El gran padre y la orfandad

Mientras se reconoce a Bolívar como padre supremo de los venezolanos, al mismo tiempo se descubre su ausencia. La muerte de Bolívar ocurrió en medio de un doble abandono. El abandono del padre por parte de los hijos que lo confinaron al exilio, y el abandono de los hijos por parte del padre que dejó la casa familiar para fundar otras. La primera acepción es la más común, y es la que ha dado lugar al sentimentalismo con que ha sido tratada su biografía y su testamento político, y que ha tenido la infausta consecuencia de calificar al pueblo venezolano de traidor. La otra visión, la del padre que se va en pos de la aventura, por justificada que ésta fuera, no es muy común. Si bien Bolívar imaginó la República no se quedó en Venezuela para construirla, sino que dejó esa tarea en manos de otros. Fue un padre distante. Un héroe perdido en su destino. Su propia visión de cómo debía completar su obra creó la tragedia de su vida y el alejamiento definitivo de la república soñada. El discurso heroico exalta su aventura continental y esconde la destrucción del país y la anarquía que dejó la prolongación de la guerra. La lejanía de estos acontecimientos, dice Fernando Yurman (2008: 107), no es óbice para que el trauma sea renovado en cada generación que “busca su alimento imaginario”. El tiempo cronológico no es en esto lo determinante, sino la perpetuidad del mito.
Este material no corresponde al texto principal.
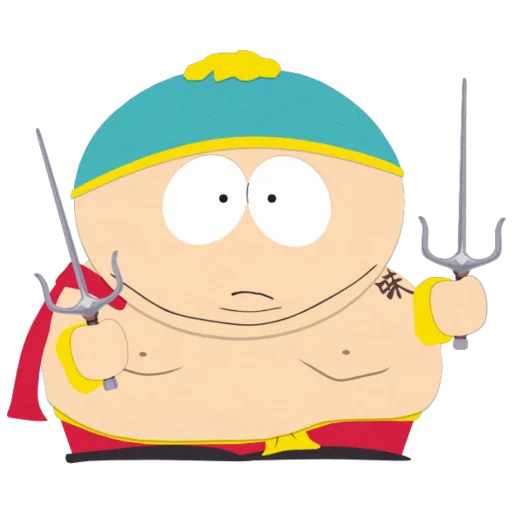 Sticker South Park 2 @damnstickers - 6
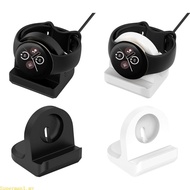 Best Wireless Charging Support Bracket Dock Station Suitable for Pixel Watch 2 Smartwatch Silicone Charger Stand Holder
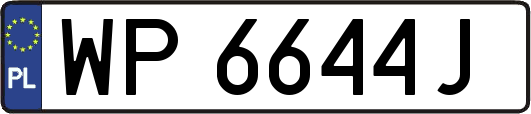 WP6644J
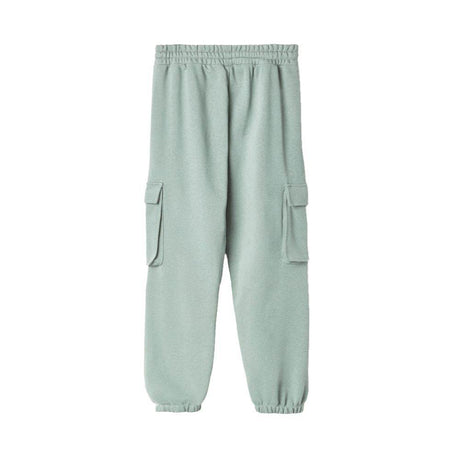 Hinnominate Gray Cotton Men Cargo Pant - Hilstor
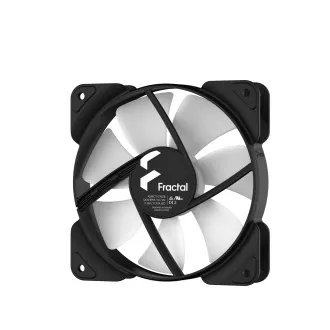 Fractal Design Aspect 12 RGB PWM Black Frame 3-pack Fractal Design Aspect 12 RGB PWM Black Frame 3-pack
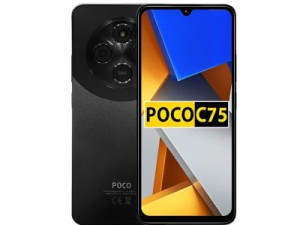 Xiaomi Poco C75 | 6GB | 128GB | Black
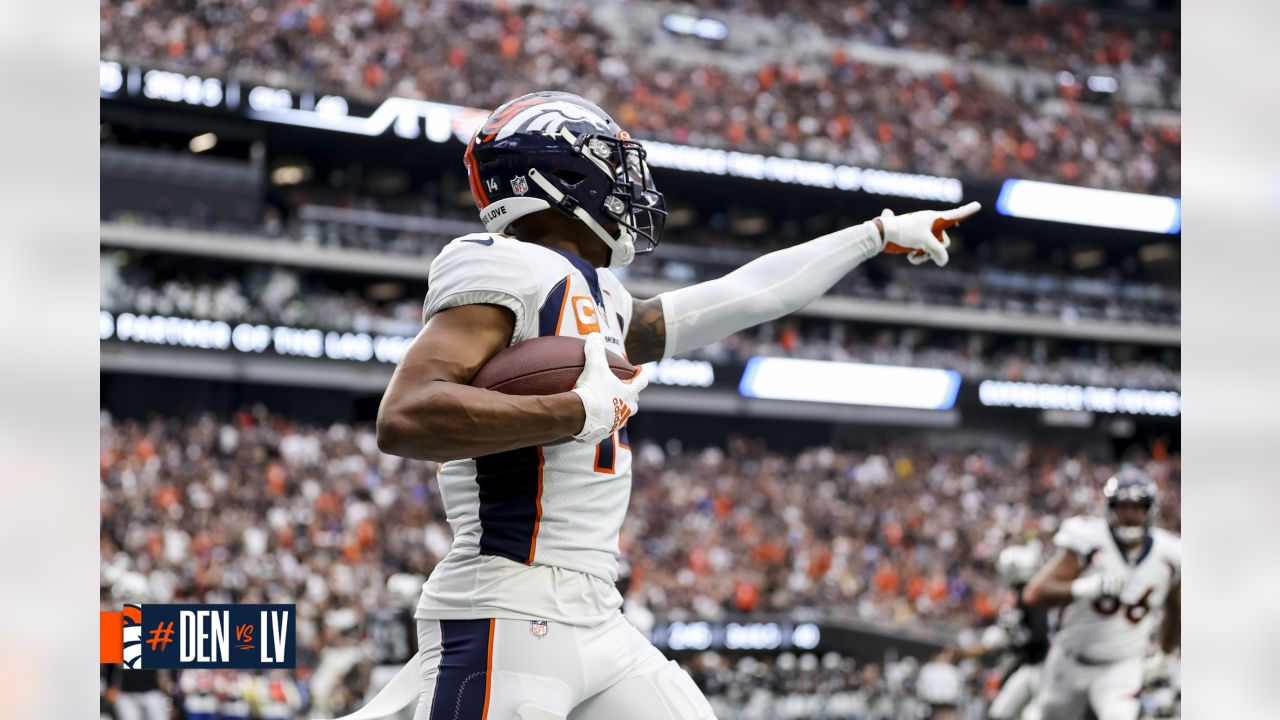 Broncos gassers following 32-23 loss to Raiders and looking ahead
Si la primera acepción del abandono conduce a la culpa, la segunda se traslada al resentimiento. En ambos casos estamos en presencia de un vínculo paterno filial muy emotivo. Esa emocionalidad, que tiñe la expectativa anhelante de un padre que no concluyó lo ofrecido, continuará en la relación del pueblo con los representantes del poder. Caudillos, dictadores o presidentes ocuparán el asiento de una permanente demanda, a veces cumplida, otras burlada, siempre insatisfecha. En el imaginario democrático el personalismo se desdibujó un tanto para concentrarse, más que en la persona, en el Estado, pero un Estado que heredaba la misma relación paterno filial. “El Estado –observa Miguel Ángel Campos (2005b: 9­10) – ha sido el gran educador, los desheredados de la República lo presintieron como el espacio donde los hombres adquirían forma, donde los deseos y aspiraciones eran posibles, y cuando ha faltado o ha sobreactuado, entonces la sociedad tiende a autodestruirse”. La condición petrolera ha incidido en estas relaciones en tanto el petróleo es propiedad de la Nación, es decir, del Estado, y finalmente de los gobiernos. El Estado da y quita, premia y castiga, es el padre poderoso que administra la fortuna de los hijos. Se le agradecen las dádivas y las oportunidades, pero también se le demandan las penurias. Si bien esta dinámica cumplió un papel estabilizador y aupó el acceso de las mayorías hacia la movilidad social, también hizo que el Estado ocupara el lugar del resentimiento. Esa relación clientelar incluye una vinculación paterno filial.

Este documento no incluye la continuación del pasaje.